■ DIRECTIONS FOR THIS TASK
Excluding pictures, what does the listing below contain from the line with "A row of shelves" up to and including the line with "Smoked salmon on", word for word?
(DATA EXTRACTS begins)
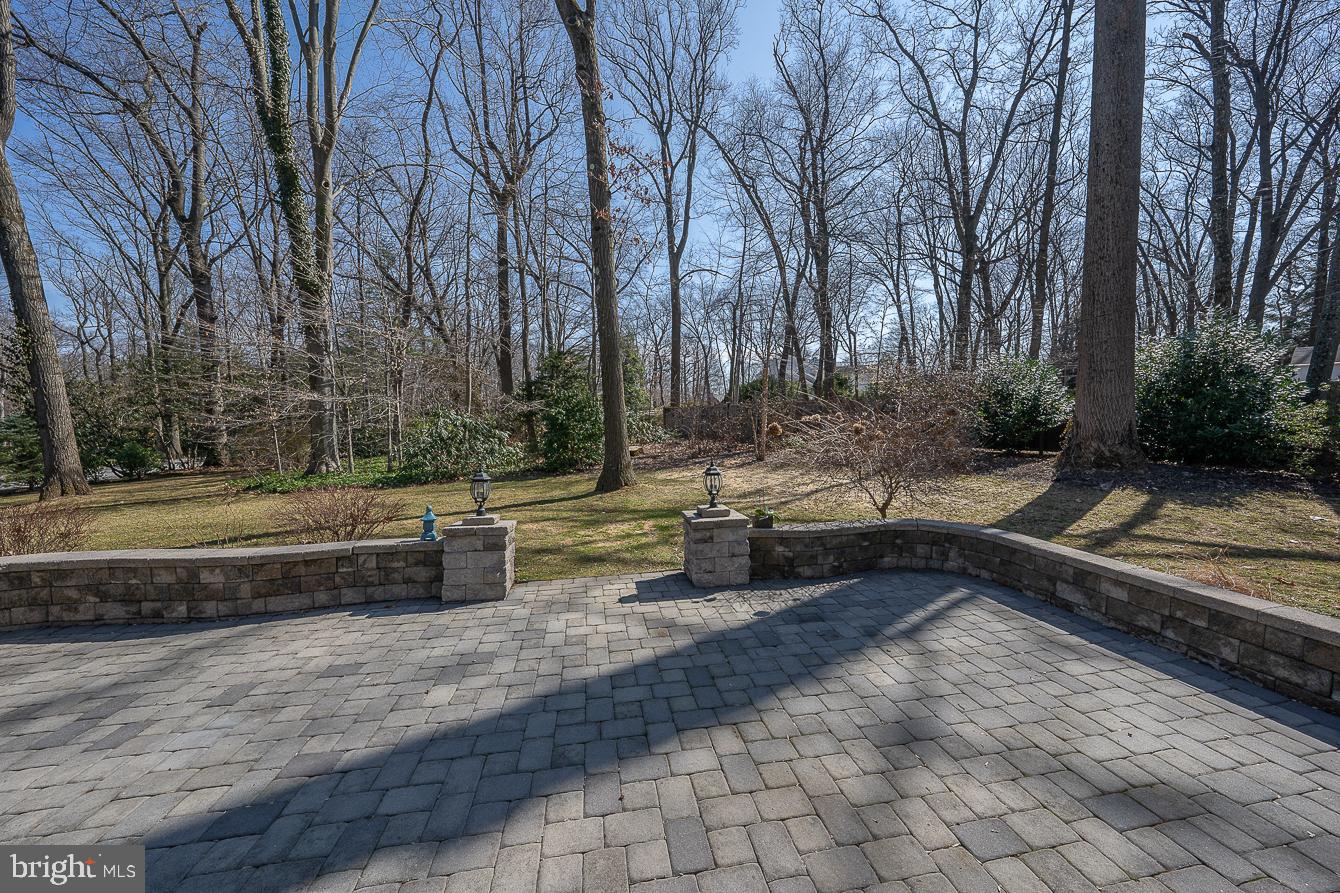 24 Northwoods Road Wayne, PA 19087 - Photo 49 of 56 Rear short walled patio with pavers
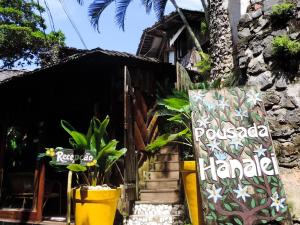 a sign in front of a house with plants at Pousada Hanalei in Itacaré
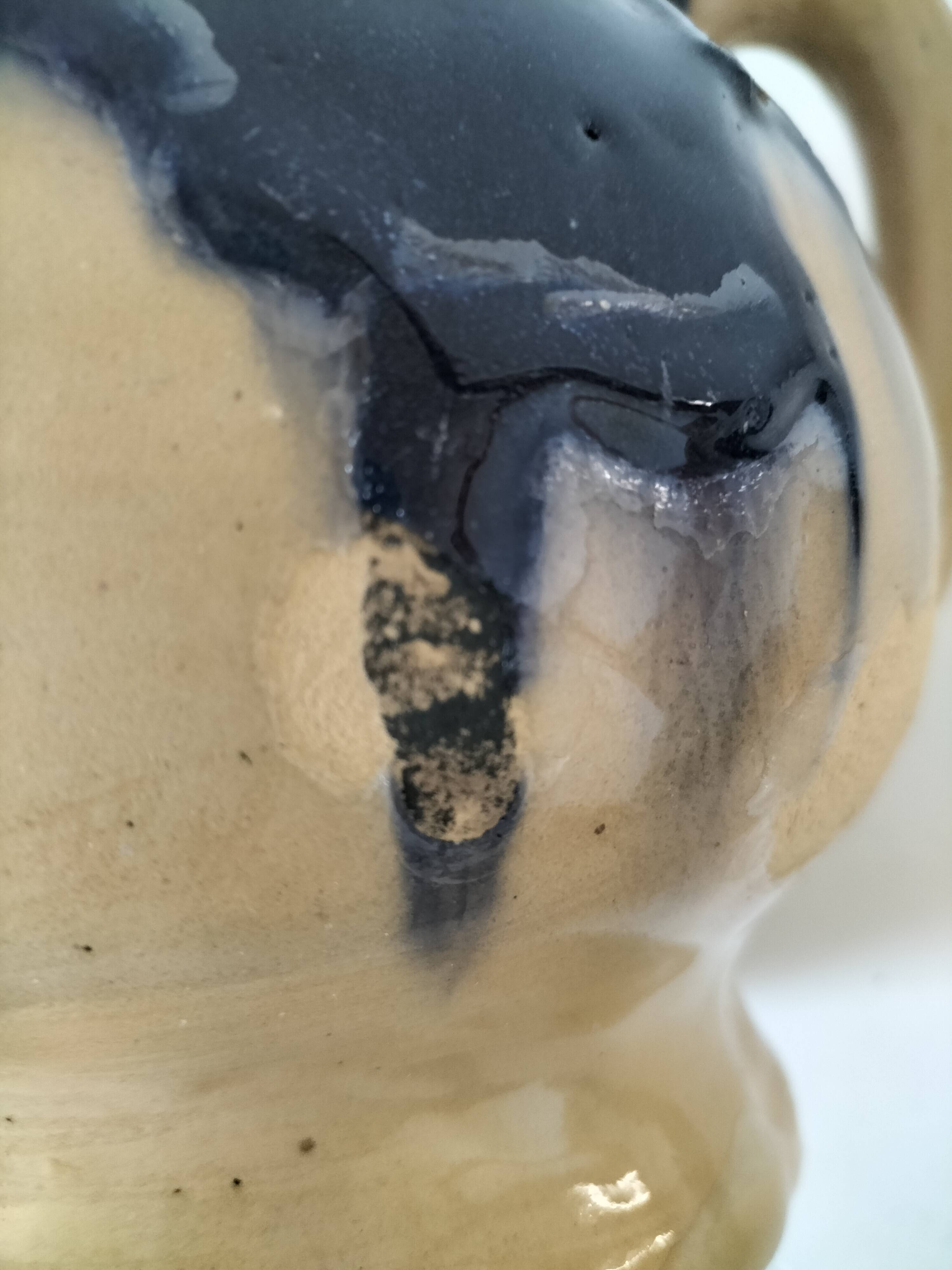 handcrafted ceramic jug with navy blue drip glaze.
(DATA EXTRACTS ends)
(DATA EXTRACTS begins)
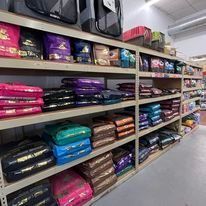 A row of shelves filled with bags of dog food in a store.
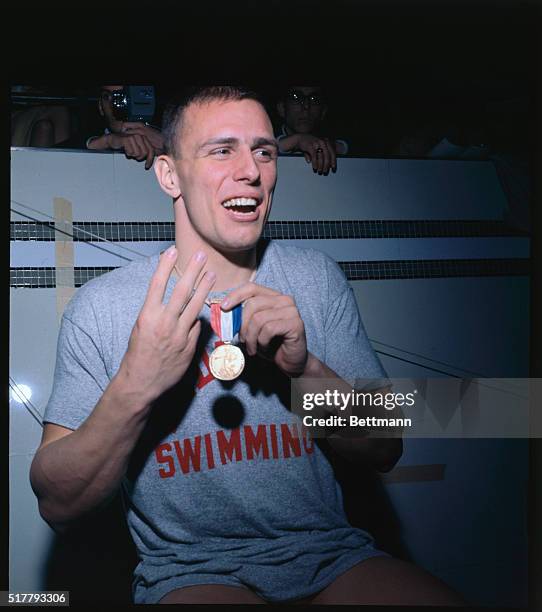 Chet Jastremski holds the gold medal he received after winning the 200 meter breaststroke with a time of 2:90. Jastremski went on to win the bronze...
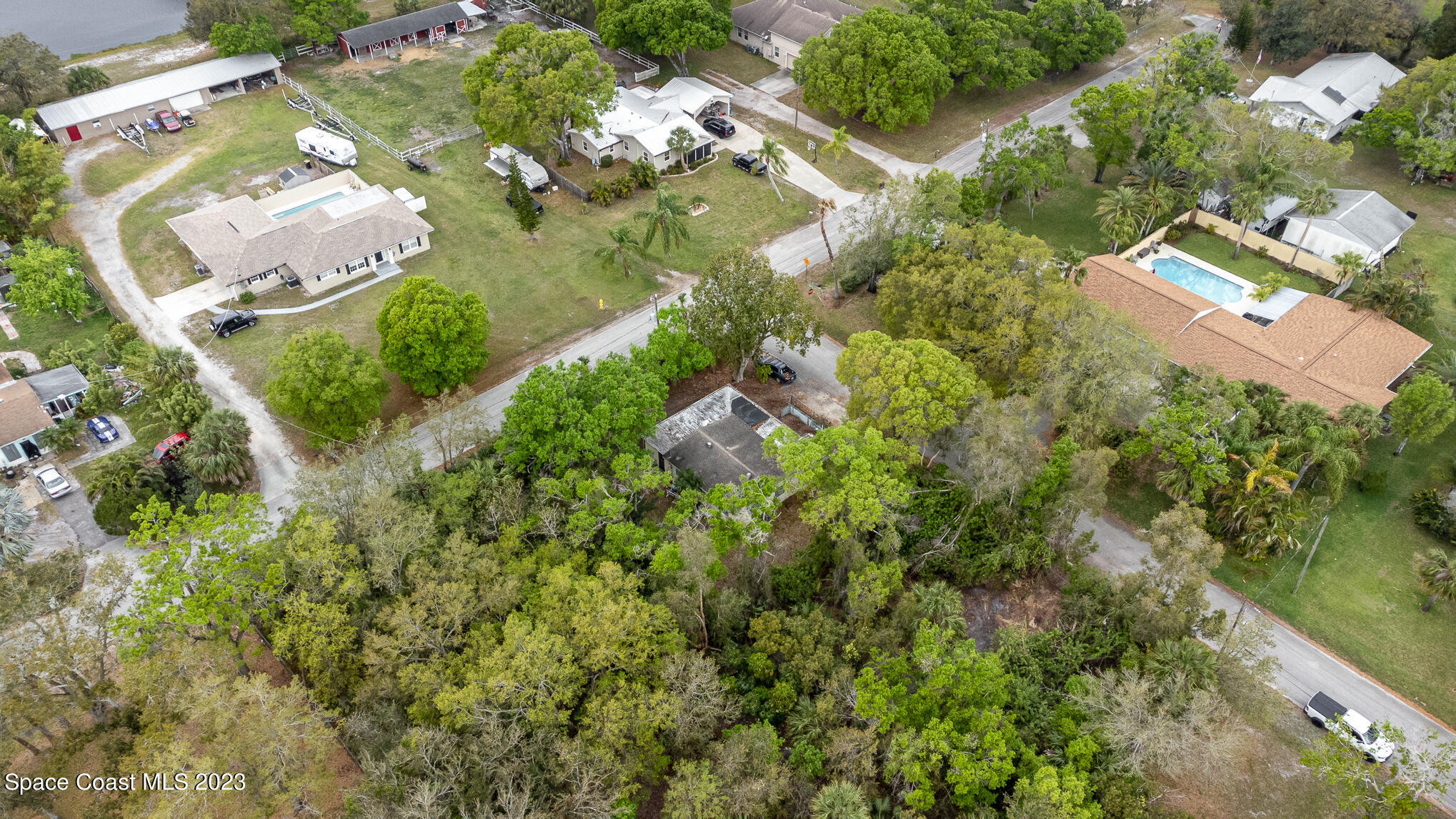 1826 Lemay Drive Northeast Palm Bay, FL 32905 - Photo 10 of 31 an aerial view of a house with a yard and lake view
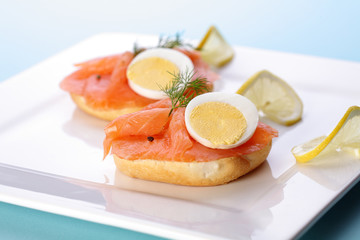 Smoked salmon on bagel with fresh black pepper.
(DATA EXTRACTS ends)
■ ANSWER BOX
 A row of shelves filled with bags of dog food in a store.
 Chet Jastremski holds the gold medal he received after winning the 200 meter breaststroke with a time of 2:90. Jastremski went on to win the bronze...
 1826 Lemay Drive Northeast Palm Bay, FL 32905 - Photo 10 of 31 an aerial view of a house with a yard and lake view
 Smoked salmon on bagel with fresh black pepper.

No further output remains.